● **Exercise description**: Could you print the stretch of lines below from the one with "Then you add" through the one with "Dr. Oz, the", exactly as they stand and without any pictures?

● **Material shown**:
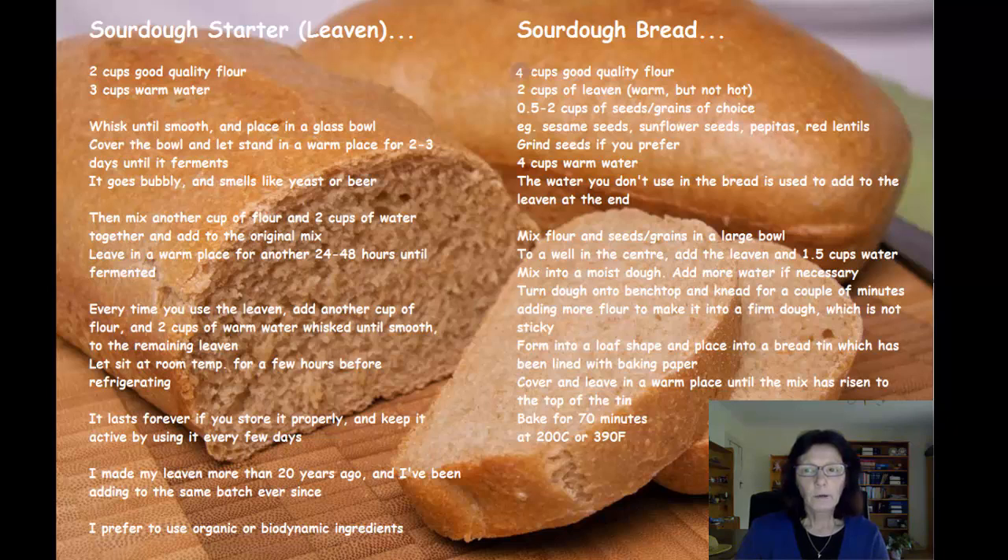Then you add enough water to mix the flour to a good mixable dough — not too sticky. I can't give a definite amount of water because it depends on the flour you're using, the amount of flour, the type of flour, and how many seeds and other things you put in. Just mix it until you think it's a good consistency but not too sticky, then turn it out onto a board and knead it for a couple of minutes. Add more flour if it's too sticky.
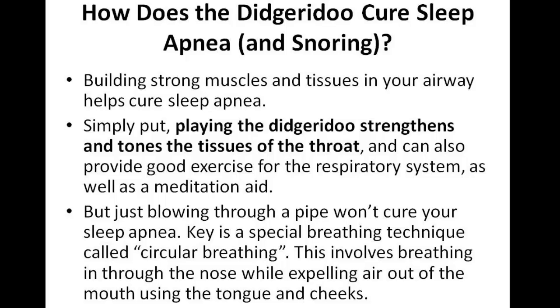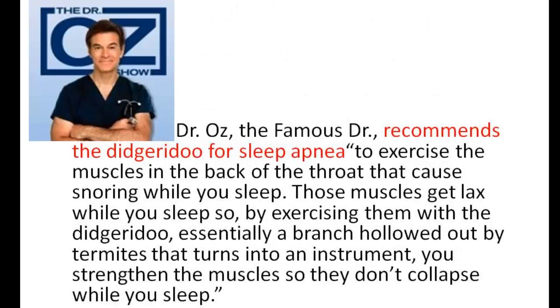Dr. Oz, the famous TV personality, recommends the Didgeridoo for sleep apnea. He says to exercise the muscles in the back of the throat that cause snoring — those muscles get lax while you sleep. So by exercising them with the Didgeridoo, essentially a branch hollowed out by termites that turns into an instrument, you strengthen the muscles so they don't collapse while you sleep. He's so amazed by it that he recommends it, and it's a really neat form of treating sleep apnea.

==

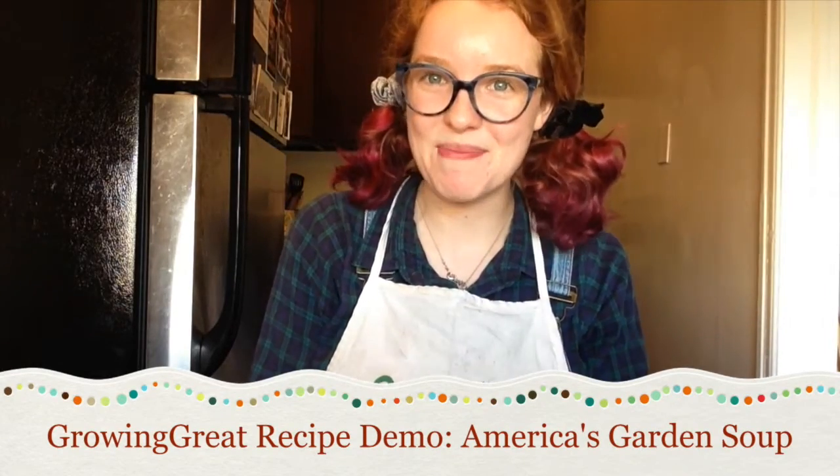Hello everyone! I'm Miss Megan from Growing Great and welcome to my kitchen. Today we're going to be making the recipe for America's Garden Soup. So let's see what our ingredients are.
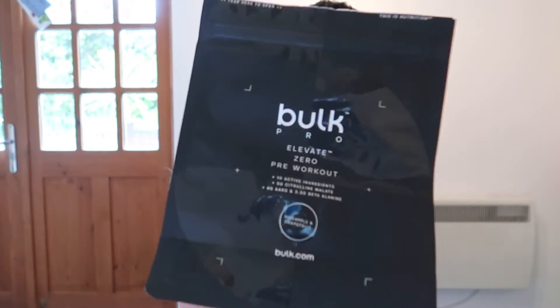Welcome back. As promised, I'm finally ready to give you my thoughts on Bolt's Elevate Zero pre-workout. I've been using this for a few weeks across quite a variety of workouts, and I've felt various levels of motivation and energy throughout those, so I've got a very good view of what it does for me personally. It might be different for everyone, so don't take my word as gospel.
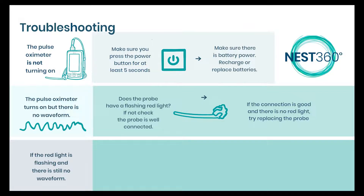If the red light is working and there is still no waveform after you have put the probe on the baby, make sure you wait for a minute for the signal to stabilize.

● **Task response**:
Then you add enough water to mix the flour to a good mixable dough — not too sticky. I can't give a definite amount of water because it depends on the flour you're using, the amount of flour, the type of flour, and how many seeds and other things you put in. Just mix it until you think it's a good consistency but not too sticky, then turn it out onto a board and knead it for a couple of minutes. Add more flour if it's too sticky.
Dr. Oz, the famous TV personality, recommends the Didgeridoo for sleep apnea. He says to exercise the muscles in the back of the throat that cause snoring — those muscles get lax while you sleep. So by exercising them with the Didgeridoo, essentially a branch hollowed out by termites that turns into an instrument, you strengthen the muscles so they don't collapse while you sleep. He's so amazed by it that he recommends it, and it's a really neat form of treating sleep apnea.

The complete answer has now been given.